# Journey Times UK



## tincan (Jul 31, 2006)

We use ViaMichelin as a route planner and I am curious to know how accurate the journey time might be. It is quoting 3hrs 36 mins from Holyhead to Keswick. While that time will be fine on Friday, will it be ok on Monday when i'm heading for an early afternoon sailing

Noel


----------



## Zebedee (Oct 3, 2007)

tincan said:


> We use ViaMichelin as a route planner and I am curious to know how accurate the journey time might be. It is quoting 3hrs 36 mins from Holyhead to Keswick. While that time will be fine on Friday, will it be ok on Monday when i'm heading for an early afternoon sailing
> 
> Noel


I wouldn't rely on it Noel. They do not factor in the effects of "Sod's Law". (That would be "Murphy's Law" where you come from.    )

Getting there an hour early is far preferable to chewing your fingernails in a traffic holdup. That's not the most relaxing way to start a holiday. :evil:

Cheers

Zebedee


----------



## StAubyns (Jun 4, 2006)

In the UK I reckon journey times on average to cover 40 miles in an hour. So a 200 mile trip equals 5 hours.

This tends to give me plenty of time for holdups, and if I'm at my destination early, its better than being late  

regards

Geoff


----------



## EJB (Aug 25, 2007)

For more years than I care to remember we always seem to average about 50mph including short stops.
It's a figure that doesn't seem to have altered from the 60s to today!
HTH


----------



## Rapide561 (Oct 1, 2005)

*Journey times*

Hi

I never rely on those timings on websites. I use my judgement.

I can do Barnsley to Dover in a smidge over 4 hours, but try it on a Friday afternoon or a Sunday afternoon and that could be doubled. I would not worry about missing a ferry at Dover as they operate so frequently.

If I was sailing from Hull or Bilbao where there are restricted services, I would allow far too much time for the journey and simply have a coffee and snack etc.

Russell


----------



## tincan (Jul 31, 2006)

Quote
I wouldn't rely on it Noel. They do not factor in the effects of "Sod's Law". (That would be "Murphy's Law" where you come from.    )

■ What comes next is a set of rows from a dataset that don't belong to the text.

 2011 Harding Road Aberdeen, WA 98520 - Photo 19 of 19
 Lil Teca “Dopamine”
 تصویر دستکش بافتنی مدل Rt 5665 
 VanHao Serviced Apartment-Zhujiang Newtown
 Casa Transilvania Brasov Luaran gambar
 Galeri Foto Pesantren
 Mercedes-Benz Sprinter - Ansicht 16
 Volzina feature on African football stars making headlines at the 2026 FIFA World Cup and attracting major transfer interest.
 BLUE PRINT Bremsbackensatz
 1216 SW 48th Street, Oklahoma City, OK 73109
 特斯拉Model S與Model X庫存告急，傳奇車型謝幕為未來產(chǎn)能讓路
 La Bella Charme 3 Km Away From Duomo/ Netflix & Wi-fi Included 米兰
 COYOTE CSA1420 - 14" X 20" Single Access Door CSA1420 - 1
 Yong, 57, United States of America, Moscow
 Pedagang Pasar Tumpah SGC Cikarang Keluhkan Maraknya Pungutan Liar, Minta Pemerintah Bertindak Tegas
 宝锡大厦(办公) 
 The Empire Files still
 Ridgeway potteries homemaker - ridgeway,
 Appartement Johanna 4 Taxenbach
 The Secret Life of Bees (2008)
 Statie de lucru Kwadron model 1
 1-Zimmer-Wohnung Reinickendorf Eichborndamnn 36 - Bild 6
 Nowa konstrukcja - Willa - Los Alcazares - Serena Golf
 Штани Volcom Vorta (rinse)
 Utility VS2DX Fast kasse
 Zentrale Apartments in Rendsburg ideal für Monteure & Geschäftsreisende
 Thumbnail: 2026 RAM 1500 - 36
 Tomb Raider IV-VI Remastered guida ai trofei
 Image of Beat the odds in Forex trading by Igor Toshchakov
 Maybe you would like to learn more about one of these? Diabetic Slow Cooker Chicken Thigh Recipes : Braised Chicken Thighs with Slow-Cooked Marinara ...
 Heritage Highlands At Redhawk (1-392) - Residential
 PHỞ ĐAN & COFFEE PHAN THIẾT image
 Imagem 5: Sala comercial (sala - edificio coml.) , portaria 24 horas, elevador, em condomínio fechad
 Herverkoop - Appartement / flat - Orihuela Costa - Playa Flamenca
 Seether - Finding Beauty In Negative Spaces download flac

I personally subscribe to Doyles amendment to Murphys Law; Doyle states that Murphy was an optimist

Thanks for all the replies


----------



## tonyt (May 25, 2005)

tincan said:


> Quote
> I personally subscribe to Doyles amendment to Murphys Law; Doyle states that Murphy was an optimist


I like it.


----------



## Zebedee (Oct 3, 2007)

So do I.

Must remember not to use it here though or I'll get done for plagiarism.

Cheers


----------



## tincan (Jul 31, 2006)

Plagarise away - I do it all the time. Change of plans for us though, was changing out a gas cylinder last night and it fell on my foot breaking a toe so instead of walking and cycling around the Lakes I'm sitting at home in Dublin with my foot on a chair for the weekend

Noel


----------



## Zebedee (Oct 3, 2007)

Sorry to hear that Noel. Really rotten luck.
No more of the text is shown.